Occasionally I wonder what my life would be like if I were still teaching. And then those thoughts quickly go away as I reach a new milestone at work or in life. I thought I would do a more personal post that sort of relates to job searching, recruiting and interviewing, but that also encompasses some more about my life!
So along with the new job came a new job for my husband, Jon. And because it was a move away from property management and he gave short notice, our lease came to an end. We ended up moving about 45 minutes away, but still in the metro area. I haven't had the internet for a week! Hence the really late post.
Here's our new place!
|Our new 2-story apartment- albiet cluttered.|
|I'm sure Wally, our dog, was unsure if he was also accompanying us to our new house with all the chaos going on around him, but he is happy to be at home with us.|
Now I've been at my job for about a month. Although it is super varied, fast-paced and interesting, I cannot escape my teacher past. And it is really interesting being out of it because people are almost too honest how they actually feel about teachers...until they find you have been one and then they back-track and apologize for what they have said.
The other day, I was interviewing a guy for a position and had to give him a skill test that a client wanted. I happened to mention a few tips that are good to know about testing - the test is meant as a screener, usually go with your gut instinct, etc. I then happened to tell him I had been a teacher, and he gave me the dirtiest look in the world. I realized then that I shouldn't probably share that fact since most of the people I interview barely graduated high school and/or probably didn't have the best educational background-- not to say that's a big determiner for what kind of job you'll end up looking for, but if you end up hating to read, you probably aren't looking for something in an office setting.
If looks could kill, his would have peeled my skin back like an acid wash. I still will place him on a job, but it's interesting to see how many people can't hide their disgust for the teaching profession.... and just so you know, when you're in an interview, a lot of things don't get past your interviewer....the fact you haven't showered, dirty looks, hate for your past employer. It all shows.
As it was said to me early on in my job search, "Job searching is definitely not an ego boost." And so true. During my unemployment, I literally put every hobby I had on hold, including writing, because I felt so zapped of direction and positive self-concept. It's amazing what happens when a part of your identity is stripped from you. In our culture, the tie to career as self-definition is very strong. I'm learning to define myself in other ways-- writing, childish sketching, practicing the dance to Michael Jackson's Thriller in my living room, and volunteering with kids. Here is one illustration I have made in my free time.
One of my illustrations of what my dog would look like with glasses.

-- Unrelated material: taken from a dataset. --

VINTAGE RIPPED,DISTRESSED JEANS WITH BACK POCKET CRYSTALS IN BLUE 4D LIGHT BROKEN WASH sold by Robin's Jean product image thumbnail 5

Another big hobby is playing with my 1 1/2 year old dog, Wally. This is what he looks like every morning- ball in mouth, ready to play. I taught him to to sneeze, dance and army crawl during my months of unemployment.
|Who can resist this face in the morning? Would you look at him and say to his face, "I can't throw that ball for you; I don't have time"?|
Neither can I.
Besides the Crappy Job Market and my New Recruiting Job, Why I'm Not Teaching.

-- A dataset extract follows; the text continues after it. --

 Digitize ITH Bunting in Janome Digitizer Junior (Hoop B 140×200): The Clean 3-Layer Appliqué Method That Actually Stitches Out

I used to be very defined by my teaching career. I loved saying I was one because I felt I was on my way to being what I thought a teacher should be: creative, lifelong learner, understanding, flexible, thoughtful, detailed, compassionate, and think beyond the traditional curriculum.

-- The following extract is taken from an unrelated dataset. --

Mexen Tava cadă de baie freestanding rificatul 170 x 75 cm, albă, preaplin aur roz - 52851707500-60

Since I quit my teaching job last summer to follow my husband's career track, I sometimes still feel plagued by thoughts I failed:
- I could have kept teaching had my school or subject area been varied a bit.
- I may have still been a teacher if I had found a job in our new area...and found a good school.
But I'm not...and in reflection, I needed a break for my sanity.
I feel as if all the characteristics that made me a great teacher are gone with the job- that maybe people don't see me as any of those things anymore and when I talk about going back someday, the fear of my last year repeating itself that arises causes some unfortunate physiological reactions. When teaching is brought up now, I avoid the topic, get clammy, and my heart races. Filling out applications actually made me nauseous (and I did about 15 - 4 hour applications and 2 face-to-face interviews!) And it makes me really sad because I know I was good at it because of who I am and what I know. I haven't talked about it a lot on this blog-- but the short answer why I'm not teaching: teaching is a solo career during most of the day, but then to be in a specialization that has very little political support is very discouraging and incredibly isolating- (I taught ESL). I felt alone even while I was with peers 95% of my day. My only consolation was those sweet faces I saw all day and the few coworkers I connected with who were dedicated to improving education. If teaching is like being on an island, then I felt I was on the tippy top of the mountain across a desert on that island like this...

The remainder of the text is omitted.